## [Problem]
When copying the listing below, skip every picture and repeat exactly the lines from the first one through the line that contains "Experience the excitement".

## [Information]

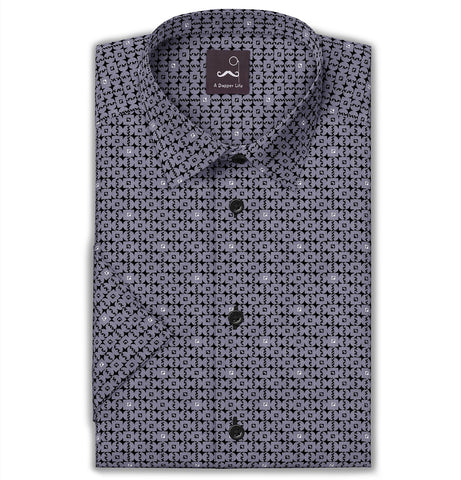 Pure Cotton - Semi-Spread Collar - Short Sleeve - Lavender Matrix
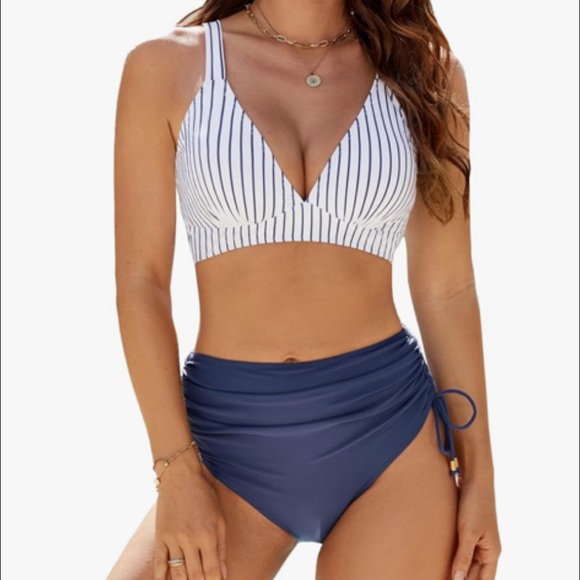 Striped Navy and White Bikini Set - Picture 1 of 7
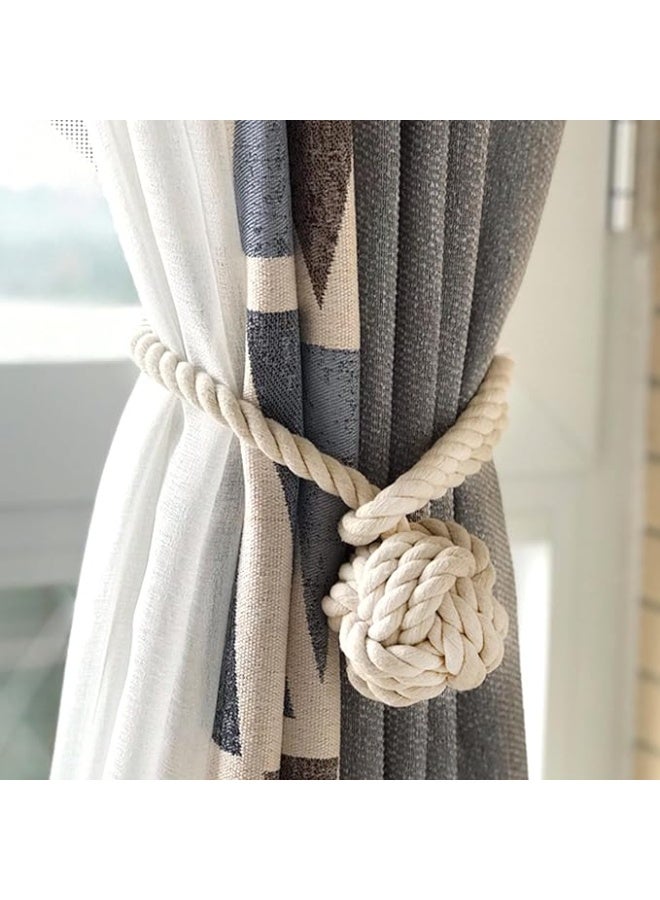 انتيكيانو طقم مكون من قطعتين من روابط الستائر المكرمية القطنية - Image 4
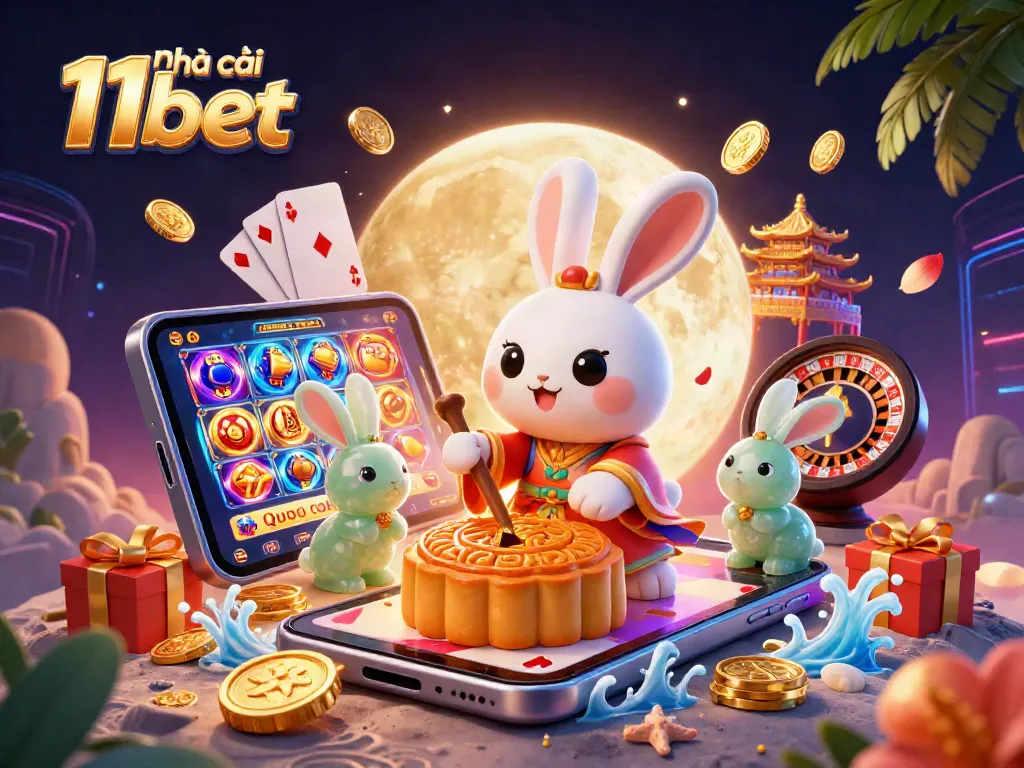Experience the excitement of nhà cái 11bet with vibrant casino elements in a magical moonlit scene.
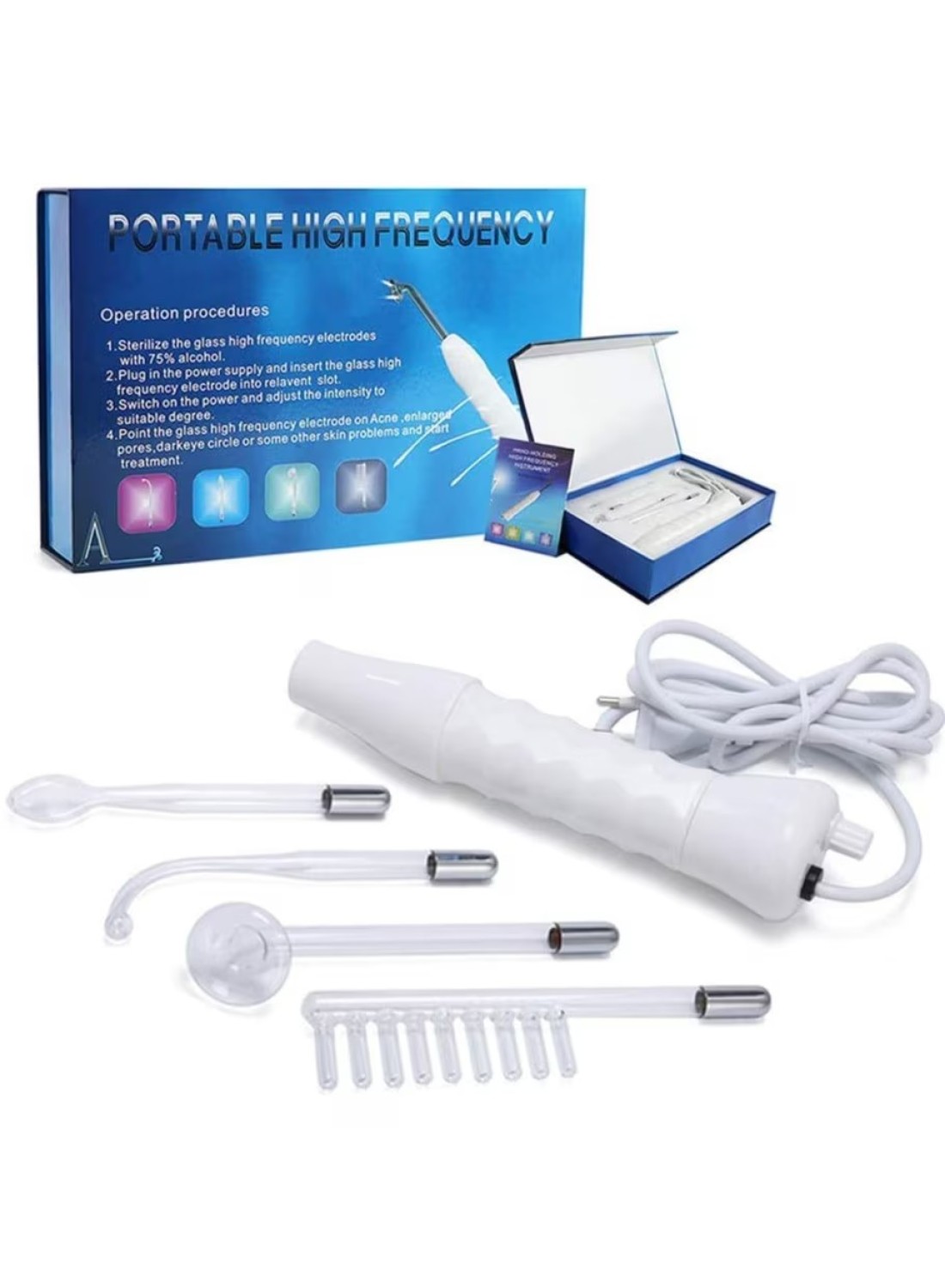 4 in 1 Portable High Frequency Skin Therapy Machine, Blemish & Spot Control, Skin Tightening & Radiance, Wrinkle Reducing Skin Therapy Wand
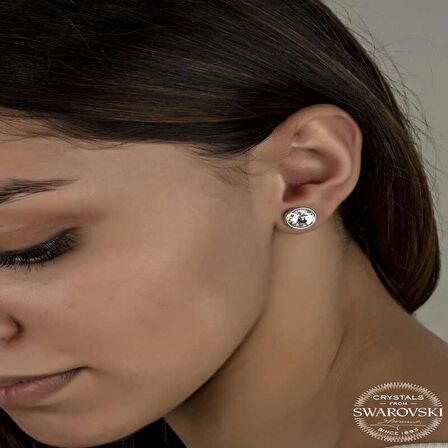 Swarovski Crystal Taşlı Lucky Life 925 Ayar Gumuss  Çivili Kadın Küpe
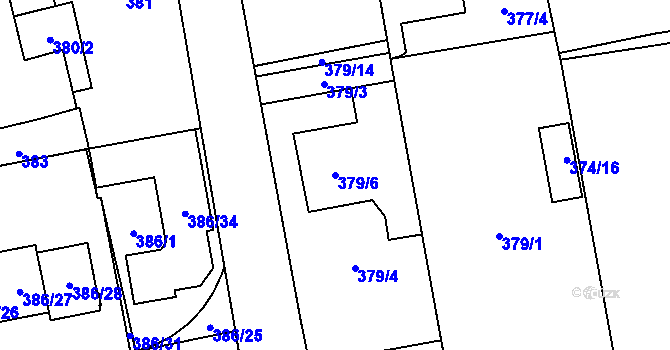 Parcela st. 379/6 v KÚ Oblekovice, Katastrální mapa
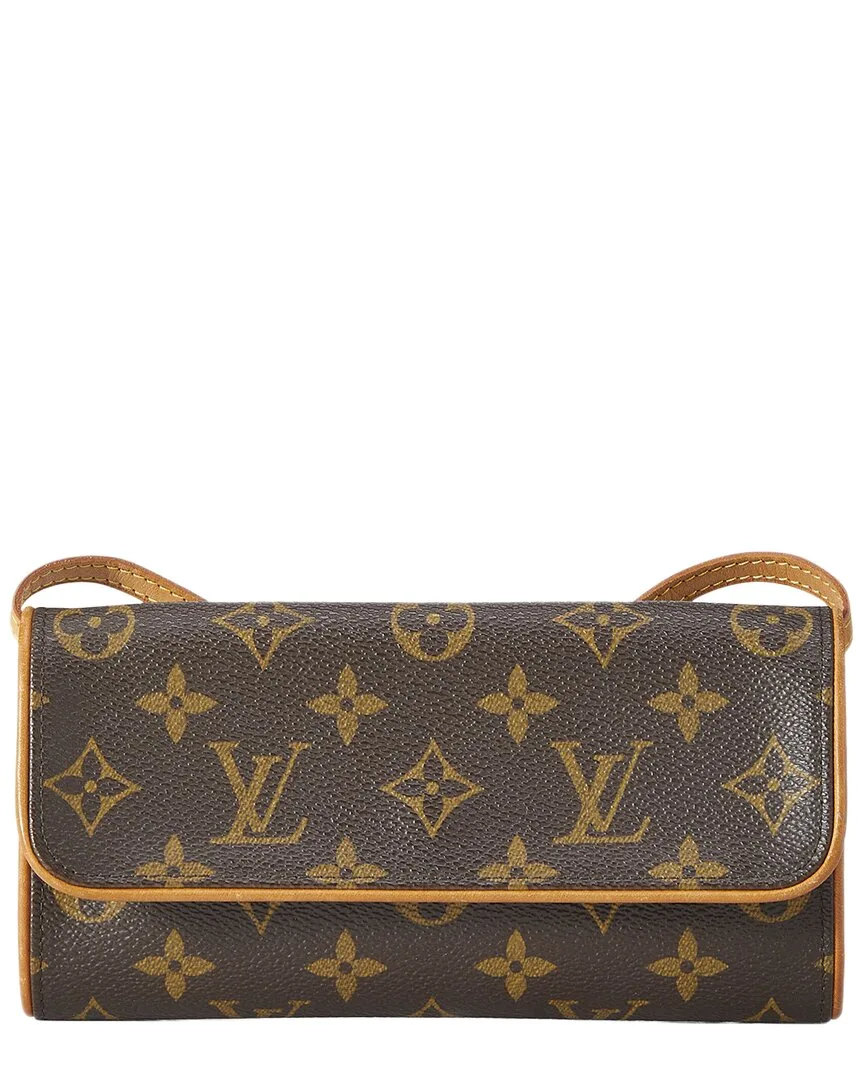 Brown Monogram Coated Canvas Pochette Twin Pm (authentic Pre-Loved) by Louis Vuitton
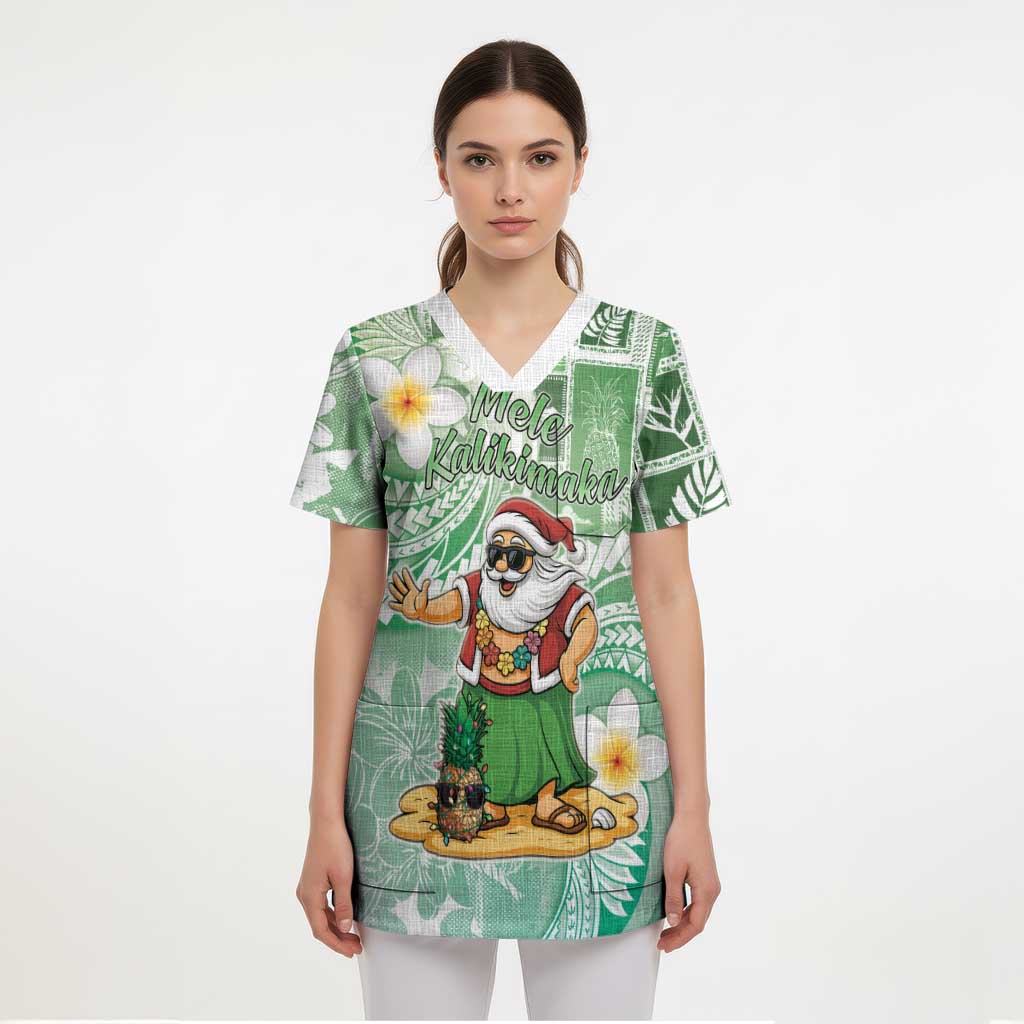 Hawaii Mele Kalikimaka Scrub Top Hula Santa Retro Style Green - Polynesian Pride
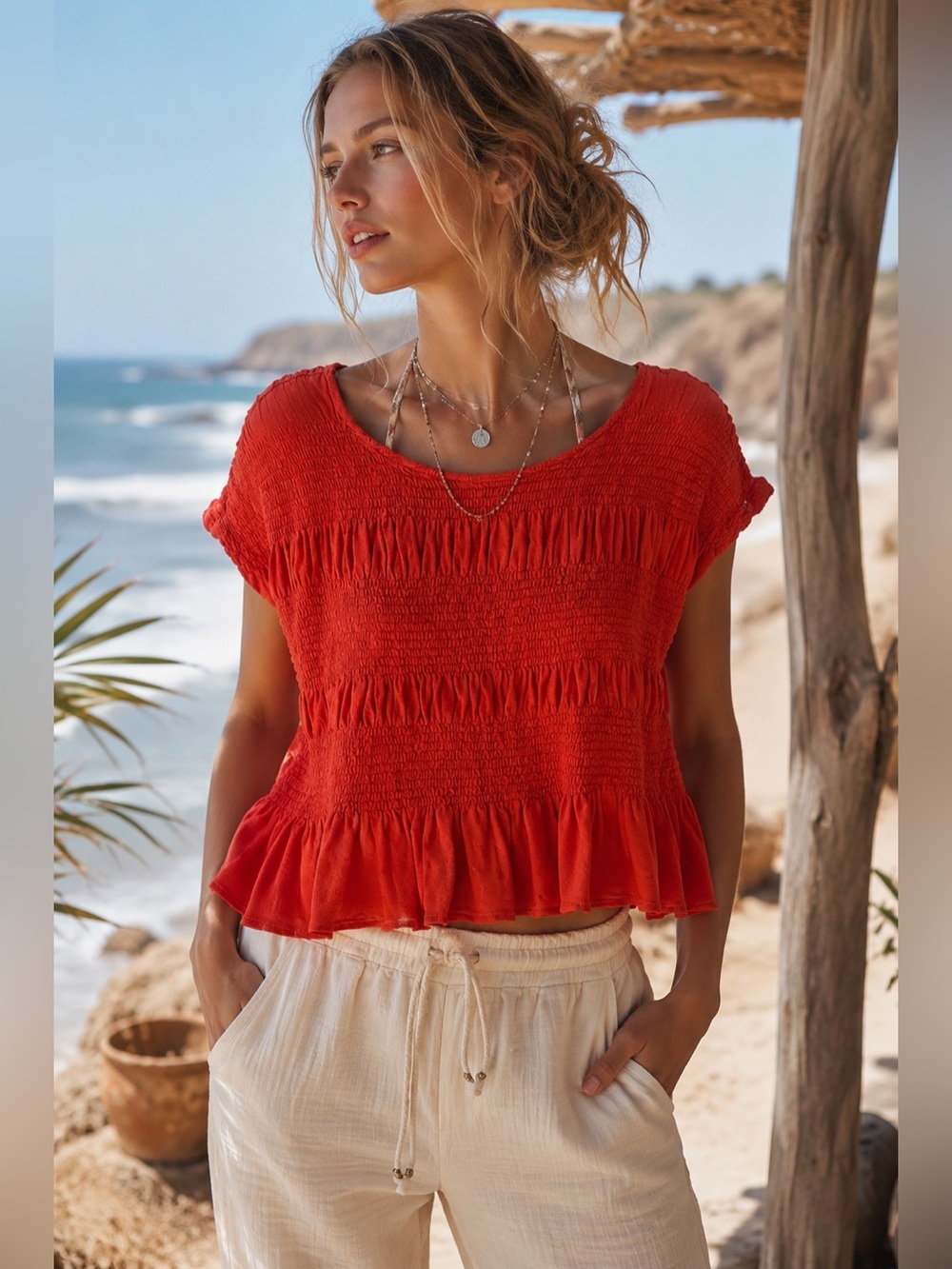 Free People Beach Smocked Crop Top | Coral Red Peplum Boho Festival Top | Large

## [Response for this exercise]
 Pure Cotton - Semi-Spread Collar - Short Sleeve - Lavender Matrix
 Striped Navy and White Bikini Set - Picture 1 of 7
 انتيكيانو طقم مكون من قطعتين من روابط الستائر المكرمية القطنية - Image 4
Experience the excitement of nhà cái 11bet with vibrant casino elements in a magical moonlit scene.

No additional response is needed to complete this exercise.